Ordered probit with data augmentation

Hi,

I’m trying to code an ordered probit, which estimates the latent variable. (I don’t want to create it in generated quantities, as I want to use the latent variable as predictor for another variable in my model in the HMC process.)

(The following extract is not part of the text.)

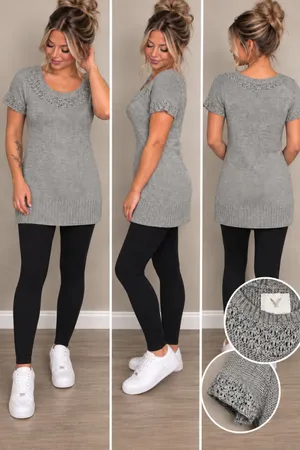American Eagle Outfitters Knit Sweater Size M Gray Short Sleeve Tunic thumbnail 2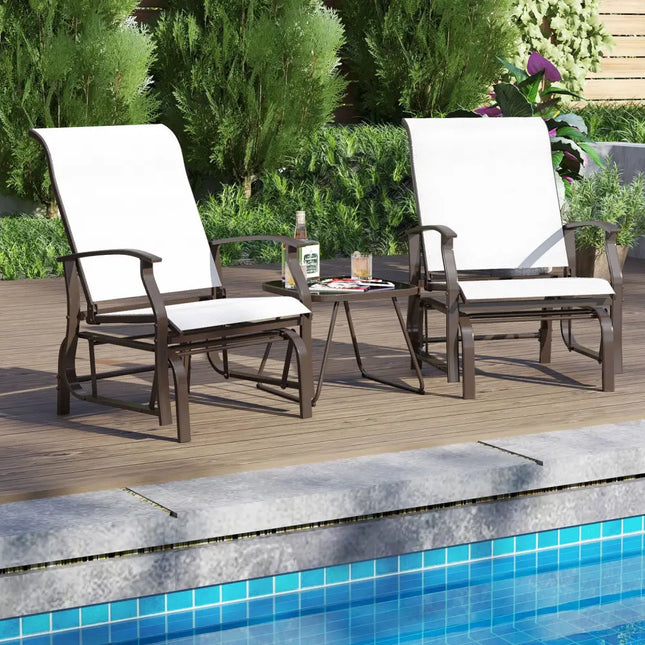 Outdoor Glider Chairs Set of 2 with Ergonomic Backrest and Seat-Beige - Beige - Patio Rocking Chairs & Gliders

The Stan code is the following

``````data{
int<lower=2> K;  //number of bins
int<lower=0> N;
int<lower=1> D;
int<lower=1,upper=K> Y[N];
row_vector[D] X[N];

}
parameters{
vector[D] beta_1;
vector[N] M_cont;   //latent variable
ordered[K+1-3] c;   //vector of variable cutoffs (3 cutoffs are fixed for identification)
}
model{
vector[K] theta;

//likelihood
for (n in 1:N) {
real eta;
eta = X[n] * beta_1;
if(Y[n]==1) M_cont[n] ~ normal(eta, 1) T[-1000,0];
if(Y[n]==2) M_cont[n] ~ normal(eta, 1) T[0,c[1]];
if((2<Y[n])&&(K>Y[n])) M_cont[n] ~ normal(eta, 1) T[c[Y[n]-2],c[Y[n]-1]];
if(Y[n]==K) M_cont[n] ~ normal(eta, 1) T[c[K-2],1000];
}
}
``````

My data generating process is as per the example in bayesm package in R, and I initialize the sampler as follows:

``````#Generating Data
simordprobit=function(X, betas, cutoff){
z = X%*%betas + rnorm(nobs)
y = cut(z, br = cutoff, right=TRUE, include.lowest = TRUE, labels = FALSE)
return(list(y = y, X = X, k=(length(cutoff)-1), betas= betas, cutoff=cutoff ))
}
nobs=10
X=cbind(rep(1,nobs),runif(nobs, min=0, max=5),runif(nobs,min=0, max=5))
k=7
betas=c(0.5, 1, -0.5)
cutoff=c(-100, 0, 1, 2, 3, 4, 5, 100)
simout=simordprobit(X, betas, cutoff)
Data=list(X=simout\$X,y=simout\$y, k=k)

#estimation
R=2000
M_cont_init=ifelse(Data\$y==1, -.3,ifelse(Data\$y==2, .05,ifelse(Data\$y==3,.15,ifelse(Data\$y==4,.25,ifelse(Data\$y==5,.35,ifelse(Data\$y==6,.45,.55))))))
init_f <- function() { list(beta_1= rep(0,3),c=c(.1,.2,.3,.4,.5),M_cont=M_cont_init); }
stanfit_ordprobit = stan(file="Ordprobit_Aug.stan",
data = list(K = k, N = nobs, D = dim(Data\$X)[2], Y = Data\$y, X = Data\$X),
pars = c("beta_1","c","M_cont"),chains = 1,iter = R,warmup = 100, init = init_f)

``````

However I get the error message:

Rejecting initial value:
** Gradient evaluated at the initial value is not finite.**
** Stan can’t start sampling from this initial value.**
[1] "Error in sampler\$call_sampler(args_list[[i]]) : Initialization failed."

I would appreciate if you could help me pull this off without facing gradient problems!

Thank you!

I believe the problem is that the values of `M_cont` are extremely unlikely to fall within the relevant cutpoints and thus the truncated densities return negative infinity.

If you are going to do a data augmentation thing in a Stan program, you should reformulate like this

``````parameters {
vector[D] beta_1;
ordered[K+1-3] c;
vector<lower=0, upper=1> p;
}
transformed parameters {
vector[N] M_cont;
for (n in 1:N) {
if (Y[n] == 1) M_cont[n] = -1000 + p[n] * (0 + 1000);
else if (Y[n] == 2) M_cont[n] = 0 + p[n] * (c[1] - 0);
else if (Y[n] == K) M_cont[n] = c[K - 2] + p[n] * (1000 - c[K - 2]);
else M_cont[n] = c[Y[n]-2] + p[n] * (c[Y[n]-1] - c[Y[n]-2]);
}
}
``````

Then your model should initialize, but you need a Jacobian correction, which are the logarithms of the term in parentheses that `p[n]` is multiplied by.